On the basis of in vitro studies, levomilnacipran is the most noradrenergically active of the SNRI class of antidepressant drugs. In one study, levomilnacipran was found to have twofold greater potency for norepinephrine relative to serotonin reuptake inhibition, and 17 and 27 times higher selectivity for norepinephrine reuptake inhibition compared with venlafaxine and duloxetine, respectively. Studies using PET scans to image receptor occupancy, which have recently been undertaken with milnacipran, would be helpful to establish differences in vivo.

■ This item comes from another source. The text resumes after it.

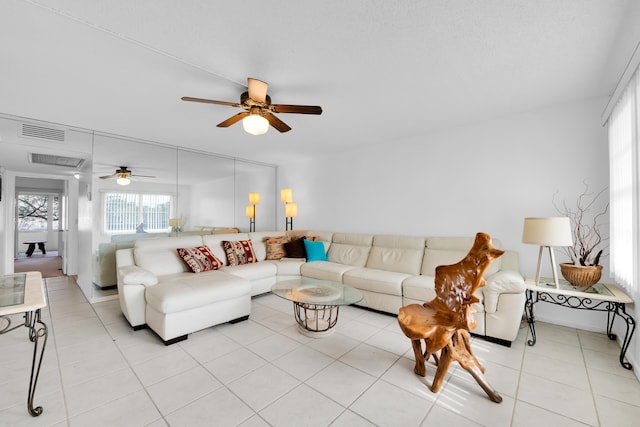 living room with ceiling fan and light tile patterned floors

Nevertheless, it is plausible that levomilnacipran will show a dose-response relationship that is the mirror image of venlafaxine, with greater noradrenergic selectivity at low doses and increasing effect on serotoninergic neurotransmission with upward dose escalation. Because there currently are no modern selective norepinephrine reuptake inhibitors approved for the treatment of depression in the United States, this characteristic may represent a novel contribution for levomilnacipran.
Efficacy, Safety, and Therapeutic Role
The efficacy of extended-release levomilnacipran has been established (versus placebo) in doses ranging from 40 mg/day to 120 mg/day. Principal side effects in clinical trials include nausea, constipation, and sweating. Approximately 1%-3% of patients will report a significant increase in blood pressure and up to 6% will report a significant elevation of pulse. Like its racemate, levomilnacipran is neither a substrate for nor potent inhibitor of cytochrome P450 isoenzymes. Because levomilnacipran is primarily excreted by the kidneys, it is not recommended for treatment of patients with end-stage renal disease.

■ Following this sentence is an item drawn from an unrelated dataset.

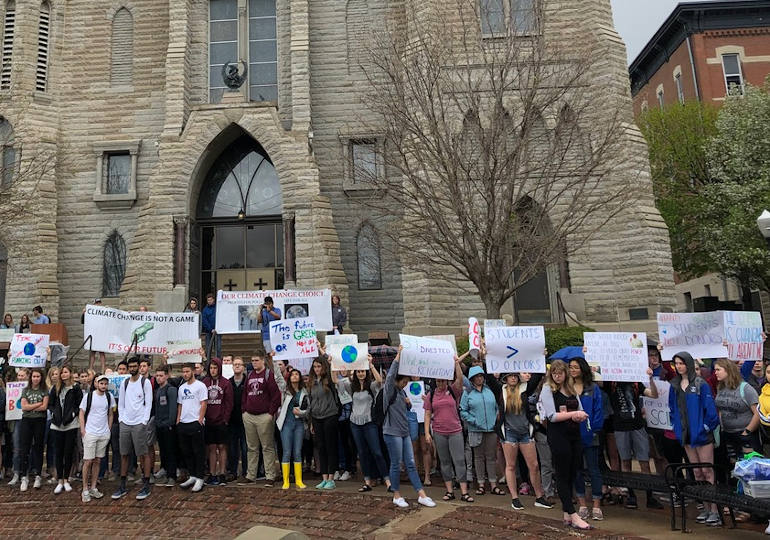 Hundreds of Creighton University students demonstrate outside St. John's Church on the Omaha, Nebraska campus in April pressing the Jesuit school to take increased action on climate change, including divesting its endowment from fossil fuels. (Emily Burke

To date, none of the controlled studies of levomilnacipran have included an active comparator. Drawing on the numerous comparative studies of milnacipran, meta-analyses have reported comparable efficacy and more favorable tolerability in early studies using imipramine as the comparator and efficacy and tolerability comparable to that with the SSRIs.
The studies conducted as part of the phase 3 development program for levomilnacipran have established its efficacy in MDD. This conclusion is, of course, buttressed by the more numerous studies of the racemate, milnacipran, which have been conducted over the past 2 decades worldwide. As with drugs within any therapeutic class, the various SNRIs are not interchangeable, and as such, it is likely that some patients who have either not benefitted from or have not been able to tolerate other SNRIs, including generic formulations of venlafaxine or duloxetine, may do well on levomilnacipran. The cynically minded might suggest that, with milnacipran already on the market, there was little need for levomilnacipran. Nevertheless, it is true that without FDA approval for MDD, the therapeutic potential of this more noradrenergically active SNRI has not been available for most of the depressed patients treated in the United States. Whether levomilnacipran will show particular promise among subsets of depressed patients, such as those with prominent fatigue, anergia, more pronounced functional impairments, or treatment-emergent sexual dysfunction, remains to be seen.